Eur J Cardiothorac Surg. 2013 Jun;43(6):1247-50. doi: 10.1093/ejcts/ezs585. Epub 2012 Nov 22.
Left ventricular assist device (LVAD) explantation and exchange is a relatively infrequent but potentially complex procedure. Patients requiring such procedures have multisystem suboptimal physiological reserve due to end-stage heart failure and are prone to complications. Less-invasive procedures are believed to facilitate postoperative recovery and early mobilization. We describe an alternative approach to explantation and exchange of the HeartWare LVAD through left thoracotomy.
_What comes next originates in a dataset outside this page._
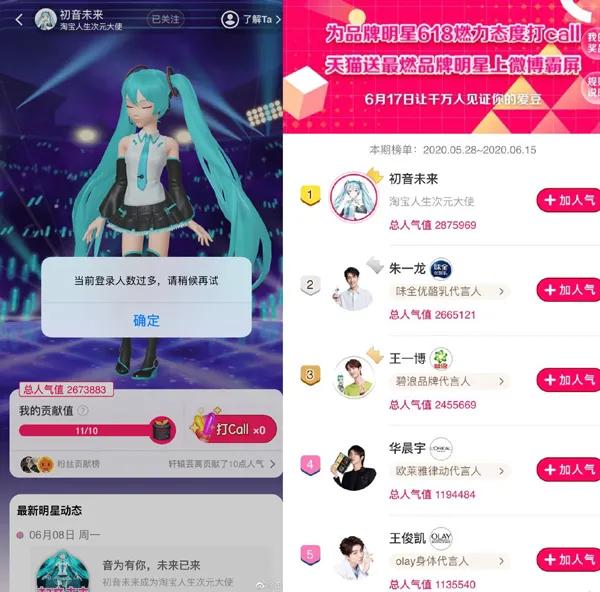 虚拟偶像洛天依和初音未来谁更火,淘宝在哪给初音未来打call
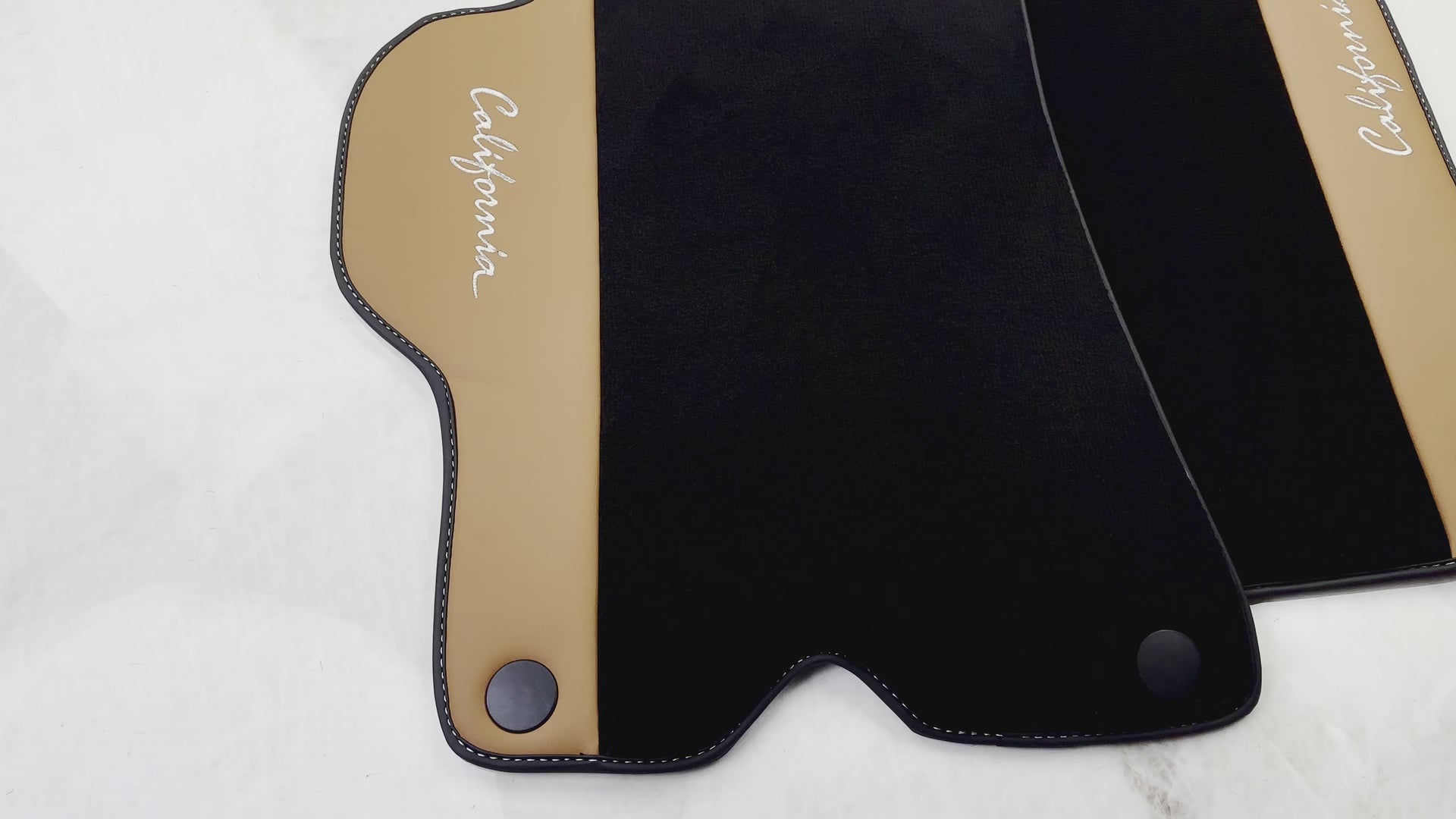 Black Floor Mats for Ferrari California (2008-2014) with Cuoio Nappa Leather - AutoWin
Six patients (M = 4, F = 2, mean age = 49.16 years) underwent device explant/exchange or initial implant (explant = 2, exchange = 3, initial implant = 1) through left thoracotomy utilizing cardiopulmonary bypass and induced ventricular fibrillation (VF). The mean bypass time and mean VF arrest time were 82 and 3 min, respectively. A new outflow graft was anastomosed to the previous outflow graft in 3 cases of device exchange and to the descending aorta in 1 case of initial implant.
One patient died in the intensive care unit due to unrelated causes (gram-negative sepsis) after device exchange. All others were discharged alive and currently remain on follow-up. The mean length of hospital stay was 40.66 days.
On-pump approach through single thoracotomy incision is safe and equally suitable for device explant, exchange and initial implant. However, structural heart defects requiring surgical correction and the requirement of simultaneous right ventricular assist device are the limitations of this approach.
左心室辅助装置(LVAD)的取出和更换是一种相对少见但潜在复杂的手术。由于终末期心力衰竭,需要进行此类手术的患者多系统生理储备不佳,容易出现并发症。人们认为微创程序有助于术后恢复和早期活动。我们描述了一种通过左开胸术进行 HeartWare LVAD 取出和更换的替代方法。
6 名患者(男=4,女=2,平均年龄=49.16 岁)通过心肺转流和诱导心室颤动(VF),经左开胸术进行了设备取出/更换或初次植入(取出=2,更换=3,初次植入=1)。平均体外循环时间和平均 VF 阻断时间分别为 82 分钟和 3 分钟。在 3 例设备更换中,将新的流出管与先前的流出管吻合,在 1 例初次植入中与降主动脉吻合。
1 例患者在更换设备后因与设备无关的原因(革兰氏阴性菌败血症)死于重症监护病房。所有其他患者均存活并已出院,目前仍在随访中。平均住院时间为 40.66 天。
通过单一切口开胸的体外循环方法对于设备的取出、更换和初次植入都是安全且同样适用的。然而,需要手术矫正的结构性心脏缺陷和同时需要右心室辅助装置是该方法的局限性。